В таких вот порывах искренних и поступках безотлагательных, раз – и сделано, и чего там размусоливать, – весь Арсений. 
Читал он стихи и лирические, но и это была философская лирика, очень чанышевская, настолько оригинальная, что чего-нибудь аналогичного больше я не припомню, хотя и читал и слышал в жизни своей, наверное, необычной, великое множество поэтических, так назову их, по возникшей прихоти, или же по капризу мгновенному, текстов. 

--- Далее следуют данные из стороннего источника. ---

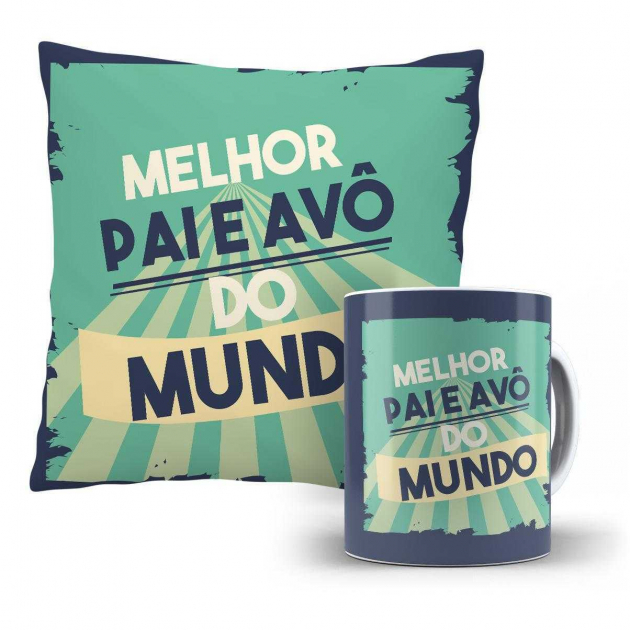 Kit Almofada E Caneca Para o Vovô  Dia Dos Pais Melhor Pai e Avô Do Mundo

А ещё Арсений, старинный, старший мой друг многолетний, Арсений свет Николаевич, преподавал на кафедре философии в МГУ и лицом был вполне легальным, приметным, официальным, не без некоторой солидности.
Занятно, что кое-какие приятели и знакомые мои – у него учились. 
Например, тот же Коля Боков, который Арсения очень любил всегда и уважал. 
Да и как его было, действительно, не любить и не уважать? 
Был он достопримечательностью своей, вроде дома родного ставшей с годами кафедры и любимцем всего факультета.
Он читал, семестр за семестром, студентам университетским лекции, принимал, когда начиналась сессия очередная, зачёты и экзамены, ставил оценки, корил нерадивых, приветствовал старательных, словом, был опытным преподавателем, писал статьи философские и научные сложные книги. 
Он воспитывал учеников. 
У него был, как я понимаю, настоящий педагогический дар, большая редкость, от Бога. 
Те, кто в былые годы у него учились, уверен я, это всенепременно и охотно сейчас подтвердят. 
Он много доброго сделал – на ниве нашего, стойкого, в бедах и в горестях выжившего, закалённого просвещения. 
Без него и в университете-то чего-то хорошего, нужного, крайне важного, недоставало бы. 
Звена какого-нибудь, без которого – ну никак невозможно существовать. 
А может быть – ясного, тихого, благодатного, долгого света. 
Сколько лет живу я в Москве – столько лет и Арсений, надо же, всё там же, в университете, потихоньку преподаёт. 
И до этого – преподавал. 
И сейчас, а ему – за семьдесят, преподаёт. Привык. 
Да к тому же ещё, это факт, он просто незаменим.
Некем его заметить.
Другого такого – нет.
И не будет. Уж так выходит.
Есть – Арсений. Один он такой.
Духовидец. Хранитель света.

Но основная, главная, важнейшая его жизнь – была там, в его стихах. 
И этот громадный свод разнообразных текстов – несколько чемоданов, говорил он, ими набиты, и девать ему это добро, (со временем всё прибавляющееся, поскольку, труженик вечный, он пишет всё новые вещи, и число их растёт, разумеется, и всё приходится складывать в эти самые чемоданы, и они всего не вмещают, и надо ещё во что-нибудь свои сочинения складывать, ворчит он порой, беседуя со мною по телефону и сетуя на обстоятельства, по-дружески, по-стариковски, по-чанышевски, то есть так, как ему одному дано говорить, обо всём на свете), по причине условий житейских трудноватых, решительно некуда, – и это не только стихи, но и проза, очень хорошая, и философские, просто замечательные, работы, но прежде всего, конечно, прежде всего, стихи, – и есть настоящий Чанышев.
Откроют ещё когда-нибудь все эти чемоданы. 
Издадут, я уверен, стихи.
Откроют ещё, обязательно, и поэта Арсения Чанышева.
И явится миру Арсений – во всём своём непреходящем, величественном значении, для поэзии и России. 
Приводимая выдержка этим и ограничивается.